Kiribati isn’t just isolated — it’s pretty much in the middle of nowhere. It is a huge collection of small atolls in the middle of the Pacific Ocean, spread across the same distance as that between Los Angeles and New York.

Kiribati isn’t just isolated — it’s pretty much in the middle of nowhere.

At first appearances, the main atoll — Tarawa — in some areas, is very rough. It’s overpopulated, people are living in small shacks with pigs and dogs running around, there’s a lot of litter. There’s also a lack of employment for people, so that’s a challenge. But the people are really friendly, and I still really like Tarawa.

Three of the UNICEF team on a delivery mission to Abaiang Atoll

The outer islands are more like what you might think of as an island paradise — they have fairly small populations and can be stunningly beautiful. The colour of the ocean is incredible.

Kiribati is different to many other Pacific Island countries in that it doesn’t have much land to grow fruit and crops. The isolation makes them self-reliant, so they have to utilise their limited resources effectively by doing things like digging out big pits and growing swamp taro.

Locals dig out shallow pits in order to grow swamp taro

Although there are no rivers in Kiribati, there is a thin layer of fresh water you can dig down to access. But it’s reliant on rain, and the rainfall can be quite erratic. It’s one of the potential impacts of climate change on Kiribati.

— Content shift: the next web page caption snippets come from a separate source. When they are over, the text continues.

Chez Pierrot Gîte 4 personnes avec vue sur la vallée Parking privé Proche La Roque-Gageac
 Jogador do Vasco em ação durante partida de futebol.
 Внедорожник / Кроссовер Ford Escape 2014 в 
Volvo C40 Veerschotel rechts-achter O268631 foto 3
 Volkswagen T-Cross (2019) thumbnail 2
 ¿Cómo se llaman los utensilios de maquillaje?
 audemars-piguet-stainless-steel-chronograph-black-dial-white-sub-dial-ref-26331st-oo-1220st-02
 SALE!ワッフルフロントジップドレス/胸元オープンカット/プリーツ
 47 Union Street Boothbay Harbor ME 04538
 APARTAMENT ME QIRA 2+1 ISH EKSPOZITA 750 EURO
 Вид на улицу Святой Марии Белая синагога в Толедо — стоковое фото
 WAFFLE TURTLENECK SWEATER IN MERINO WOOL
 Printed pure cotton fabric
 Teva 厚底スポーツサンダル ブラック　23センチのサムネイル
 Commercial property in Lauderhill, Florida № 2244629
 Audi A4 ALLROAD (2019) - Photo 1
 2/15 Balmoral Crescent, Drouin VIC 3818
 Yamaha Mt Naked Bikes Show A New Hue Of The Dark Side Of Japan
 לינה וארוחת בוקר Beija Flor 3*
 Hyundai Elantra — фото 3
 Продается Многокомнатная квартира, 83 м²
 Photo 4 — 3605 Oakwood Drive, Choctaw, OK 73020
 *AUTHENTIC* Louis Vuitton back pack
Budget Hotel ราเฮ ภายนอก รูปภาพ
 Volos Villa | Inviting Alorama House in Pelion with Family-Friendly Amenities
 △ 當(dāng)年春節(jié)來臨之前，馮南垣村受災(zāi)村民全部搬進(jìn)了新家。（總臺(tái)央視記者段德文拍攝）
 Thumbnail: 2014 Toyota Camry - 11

Kiribati doesn’t just have to deal with sea levels rising, drought is predicted to increase, and so is the intensity and frequency of extreme rainfall. So they’ll have more droughts, but when it does rain it’ll be more intense, flooding out these small low-lying islands. Because they’re so flat the water just sits on top and can become a health hazard.

The islands are already being affected by climate change. I visited one atoll where the sea had come in and inundated the land. The vegetation was all gone, leaving just a smelly wasteland, useless for growing crops.

This once-highly vegetated land was inundated by seawater, and is now a swampy mess.

Inundation like this is becoming more common, and all along the coast you can see beaches where coconut trees once grew, being eroded away by the sea, and dying trees lining the high water mark.

Coconut trees throughout Kiribati are being killed off by rising sea levels.

The main project we have in Kiribati is water, sanitation and hygiene (WASH) in schools, with amazing support from the New Zealand Government Aid Programme. Imagine sending your child to a school that has no toilet, nowhere to wash hands, no soap… it’s the sort of thing that New Zealanders would really struggle with.

Two of the many children we met on our visit

That’s the reality for a lot of these children in Kiribati — going to a school without a toilet, and having to use the bush, or lagoon, because that’s what’s been traditionally done. Lots of children aren’t going to school because they’re getting diarrhoea and other health related issues from dirty water or poor hygiene practices.

It’s the sort of thing that New Zealanders would really struggle with.

We build toilets, wells, and provide water tanks, but sometimes it’s the really simple stuff that can have a big impact, such as providing basic hand-washing facilities, and soap, and teaching kids the importance of washing their hands.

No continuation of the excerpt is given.